§ Data records
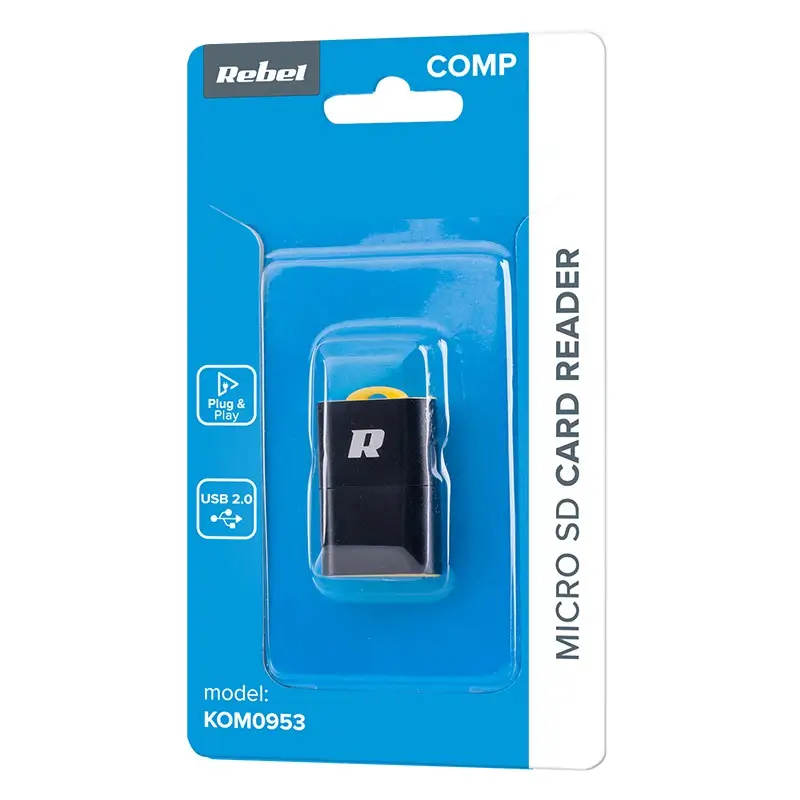 Cititor carduri MicroSD negru R60 REBEL KOM0953 - imagine 4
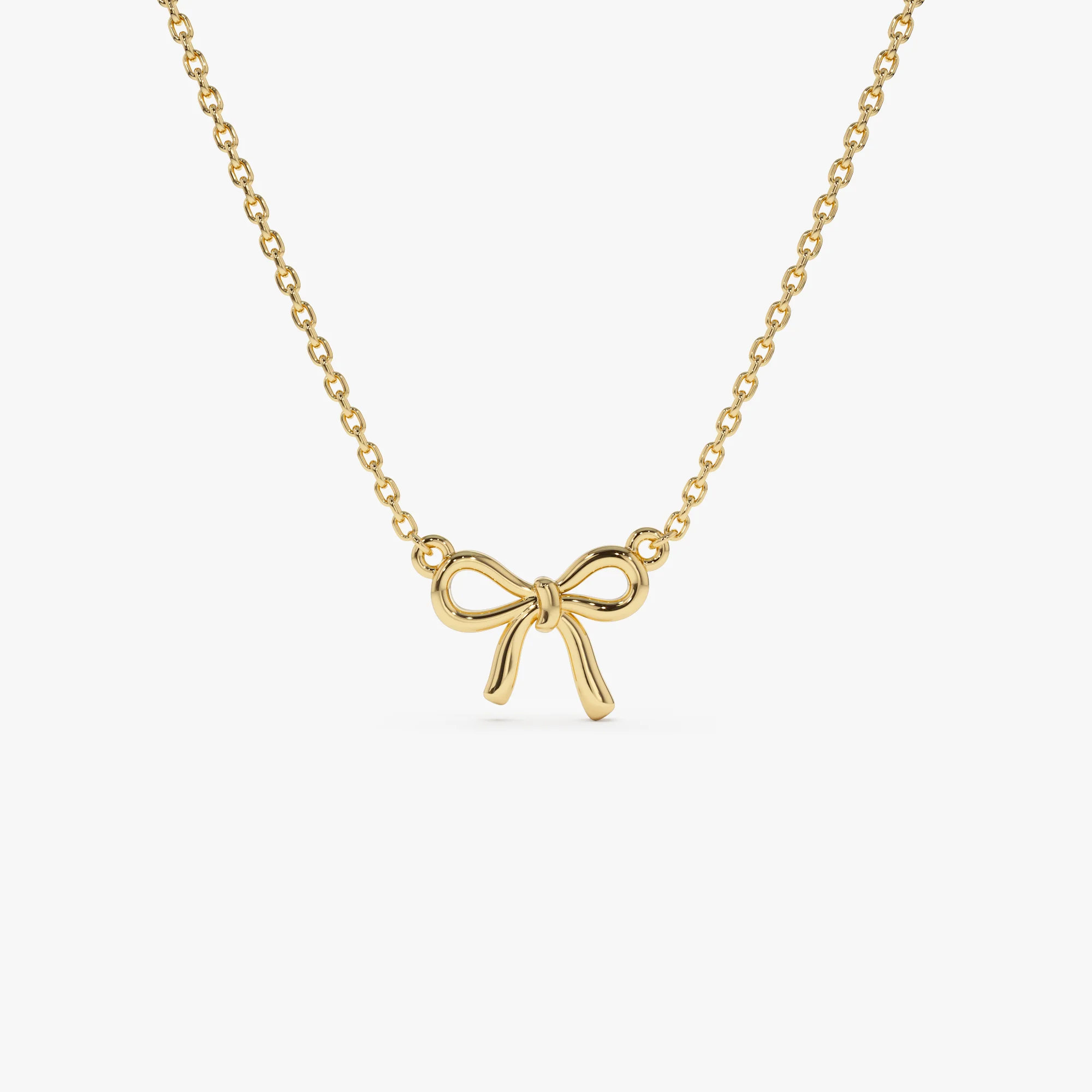 14Kt Plain Gold Ribbon Necklace
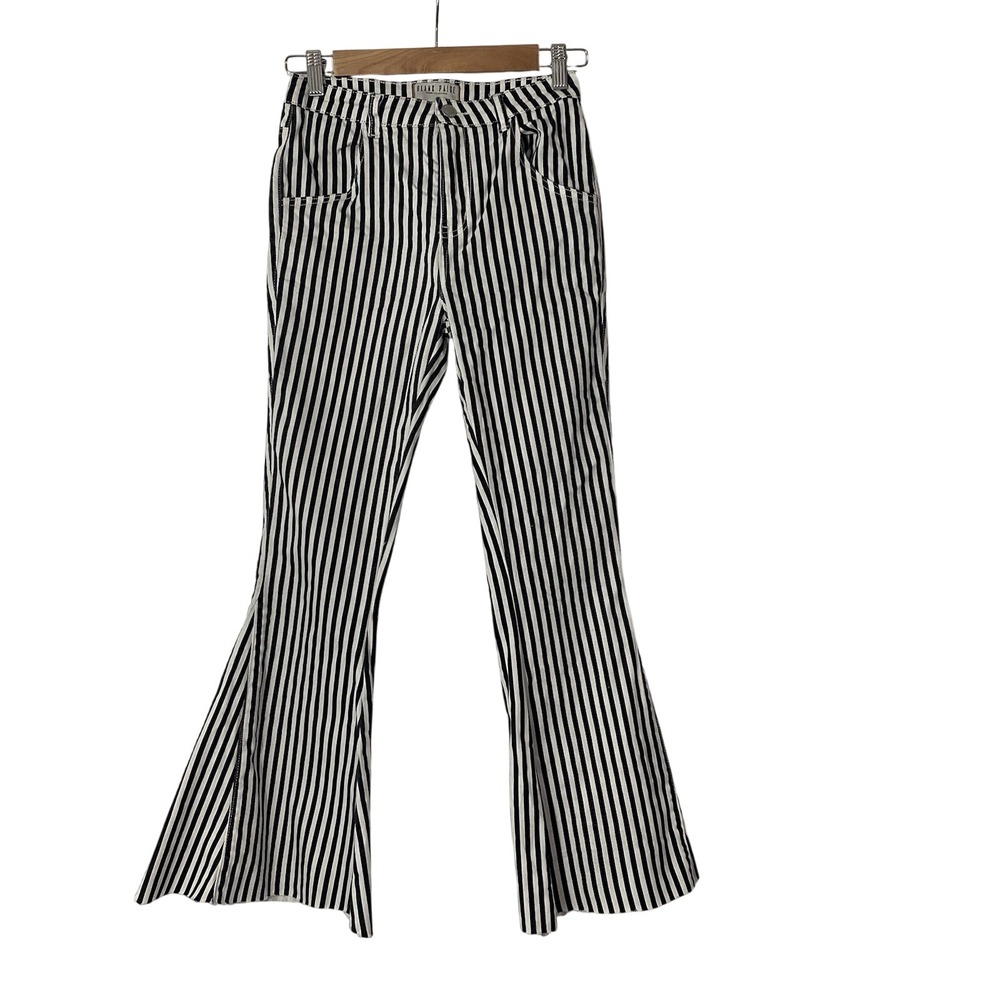 Blank Paige‎ Stripe Black White Bell Bottoms Flare Jeans Size Small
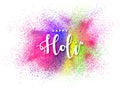 Stylish text Happy Holi on color splash background.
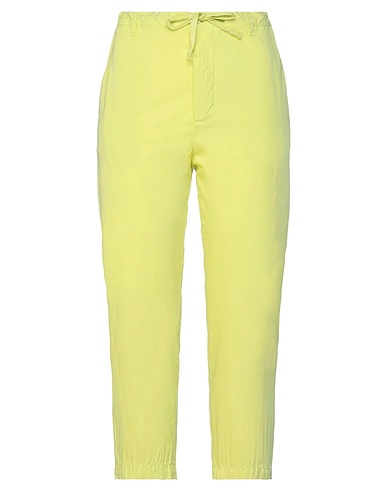 VIRNA DRÒ Casual pants Lime green 95% Cotton, 5% Elastane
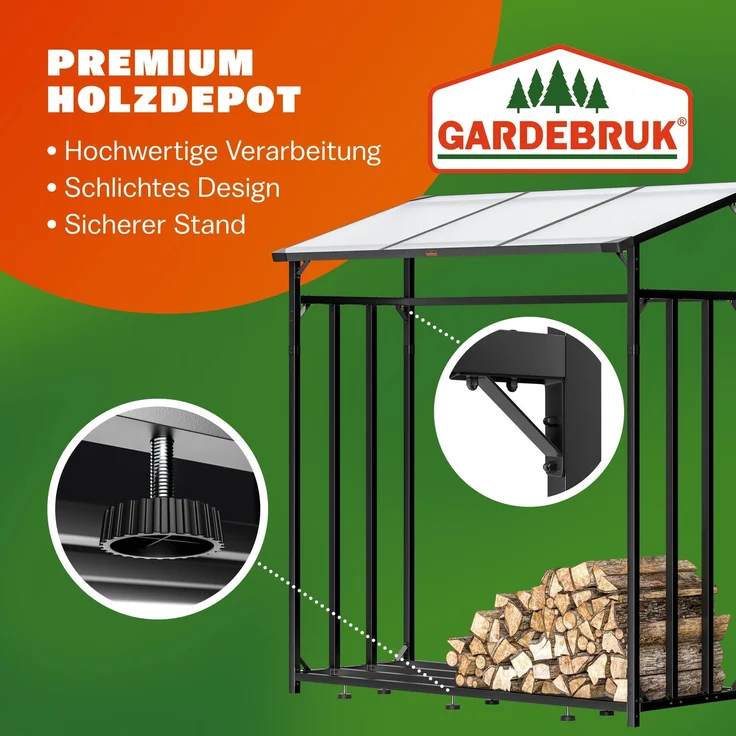 GARDEBRUK® Kaminholzregal XXL, mit wasserabweisender Abdeckplane – Bild 2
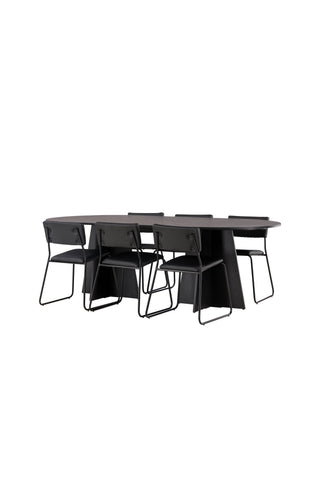 Venture Home Bootcut Ovalt matbord - Svart / Svart Fanéer +Kenth Chair - Svart / Svart PU _6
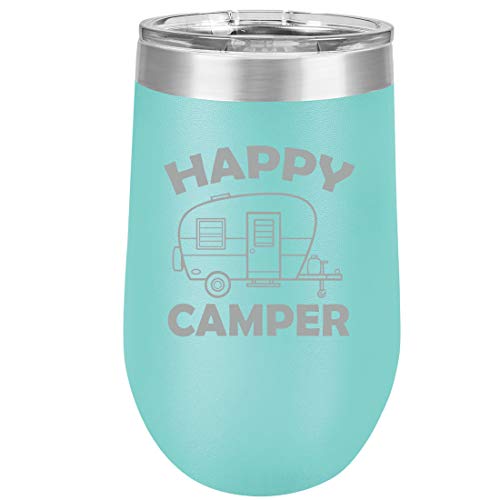 16 oz Double Wall Vacuum Insulated Stainless Steel Stemless Wine Tumbler Glass Coffee Travel Mug With Lid Happy Camper (Teal)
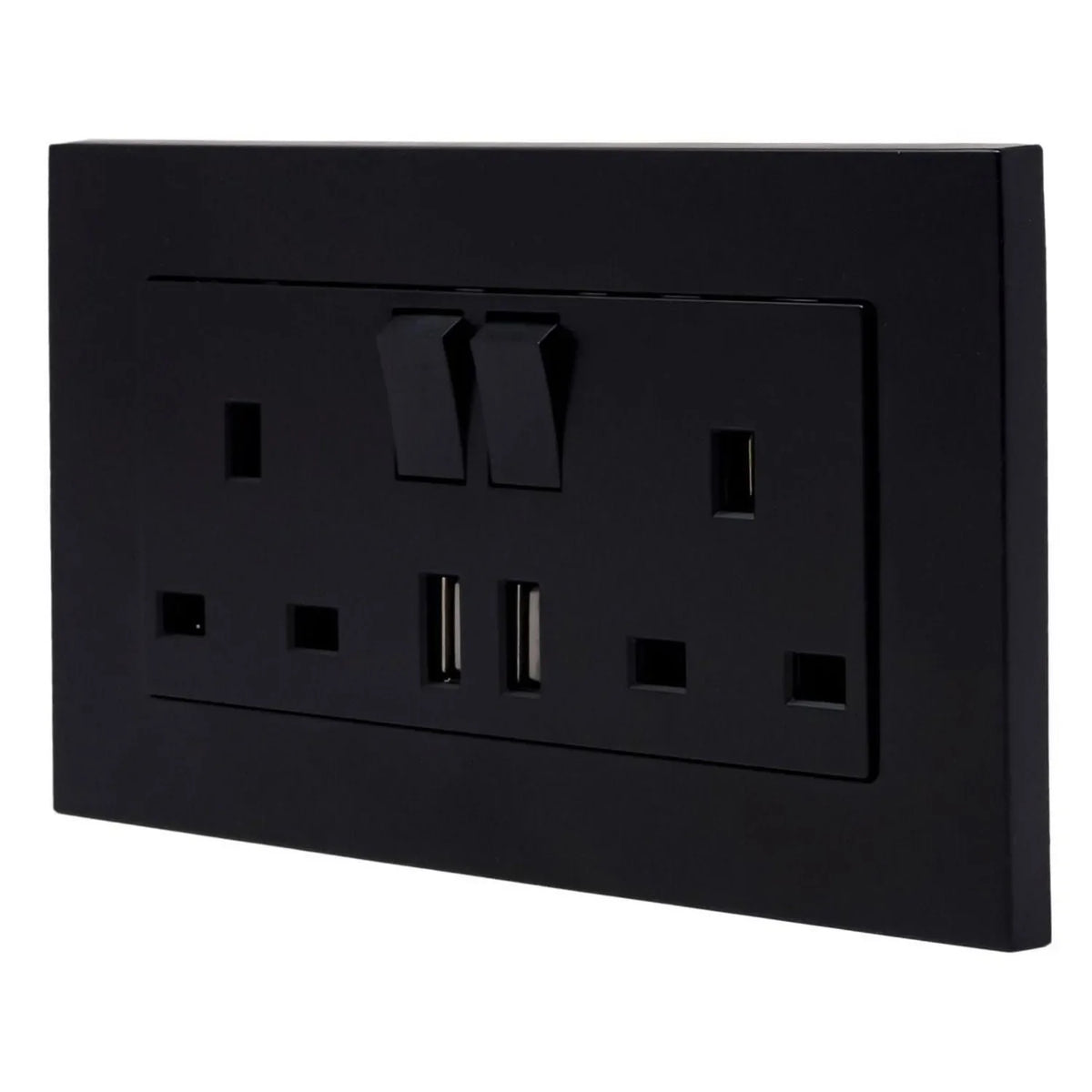 13A 2-Gang Switched Socket with USB Type A | Ledison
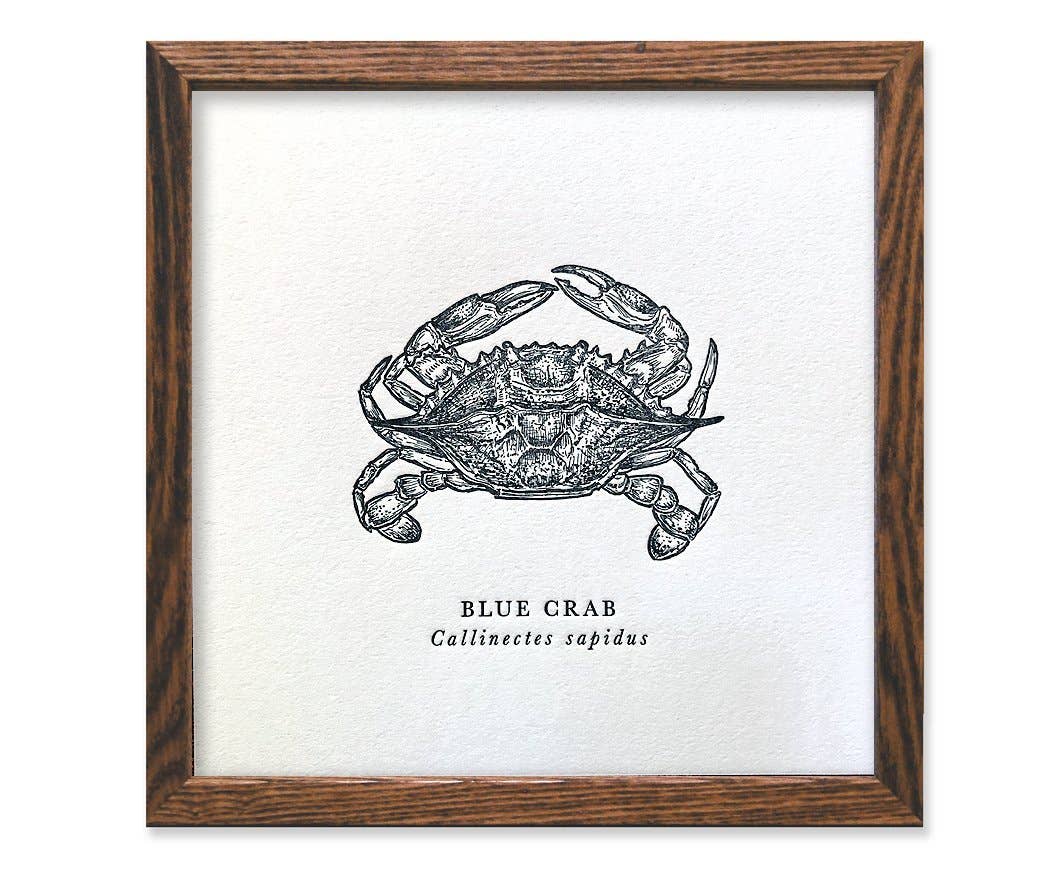 Blue Crab Letterpress Print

§ What is expected
Please copy every entry exactly, without the pictures.

§ Response to the exercise
 Cititor carduri MicroSD negru R60 REBEL KOM0953 - imagine 4
 14Kt Plain Gold Ribbon Necklace
 Blank Paige‎ Stripe Black White Bell Bottoms Flare Jeans Size Small
 Stylish text Happy Holi on color splash background.
 VIRNA DRÒ Casual pants Lime green 95% Cotton, 5% Elastane
 GARDEBRUK® Kaminholzregal XXL, mit wasserabweisender Abdeckplane – Bild 2
 Venture Home Bootcut Ovalt matbord - Svart / Svart Fanéer +Kenth Chair - Svart / Svart PU _6
 16 oz Double Wall Vacuum Insulated Stainless Steel Stemless Wine Tumbler Glass Coffee Travel Mug With Lid Happy Camper (Teal)
 13A 2-Gang Switched Socket with USB Type A | Ledison
 Blue Crab Letterpress Print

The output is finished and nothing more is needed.